The results show how difficult it is for youth parties to convert street enthusiasm into votes in the elections held after the fall of Sheikh Hasina's government in a mass movement led by Gen-G or Generation Z. This information has emerged in a Reuters report.
In Bangladesh's election, the National Citizens Party (NCP), formed by young people, won only 6 seats in the 300-seat parliament. In contrast, voters chose the long-established Bangladesh Nationalist Party (BNP). The party has governed the country three times, its last term was from 2001-2006.
A sense of distrust due to alliances
Many NCP supporters say that the NCP was effectively eliminated from the race because of its alliance in December with another long-standing political force, the Bangladesh Jamaat-e-Islami, known as an Islamist party.
Initially, the party planned to field candidates in 300 seats, but ultimately contested only 30 seats under the alliance. The NCP claims that it joined the alliance because it felt the support of a bigger force was needed after a coup leader was killed in Dhaka.
However, according to analysts, the NCP has failed to build enough public support before the elections.
Sohanur Rahman, a 23-year-old university student, said that the NCP could not fulfill the hopes and aspirations of the people after the 2024 coup.

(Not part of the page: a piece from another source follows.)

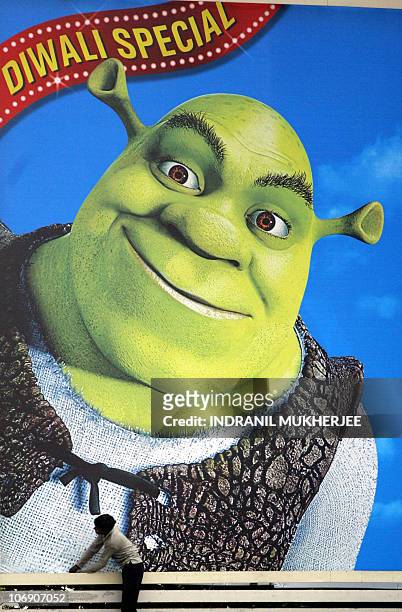 349 Shrek Characters Photos and Premium High Res Pictures - Getty Images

He said that the NCP's alliance with Jamaat seemed like a big betrayal to many young voters like us, so we have decided not to support them.
One of the six NCP winners in this election is 32-year-old lawyer and party joint secretary Abdullah Al Amin. He said that his party had hoped to win more seats. He claims that they lost in many seats by very small margins.
Abdullah Al Amin said the NCP won these seats because of its alliance with Jamaat. But Shakil Ahmed, a professor of government and politics at Jahangirnagar University, said the alliance had alienated young voters who had wanted to see a whole new political class emerge after Sheikh Hasina's fall.
NCP spokesman Asif Mahmud said the party would reconstitute itself from the opposition camp and focus on local government elections due in a year.
Reuters reported that NCP chief Nahid Islam had said in December that the party had not had enough time to regroup. Lack of funding and an unclear stance on key issues such as women's and minority rights have also held the party back.
A notable loser among the young candidates in this election was 31-year-old doctor Tasneem Zara. She left the NCP in December to contest as an independent candidate from Dhaka in protest against the alliance.
Zara won more than 44,000 votes but lost by a large margin to the BNP candidate. "We have shown that it is possible to win people's hearts with a clean and honest campaign," he said. "But our limitations have also become clear."
The number of votes received has given me hope and Zara said she would not return to the medical profession in Britain. "Our best days are still ahead," she said.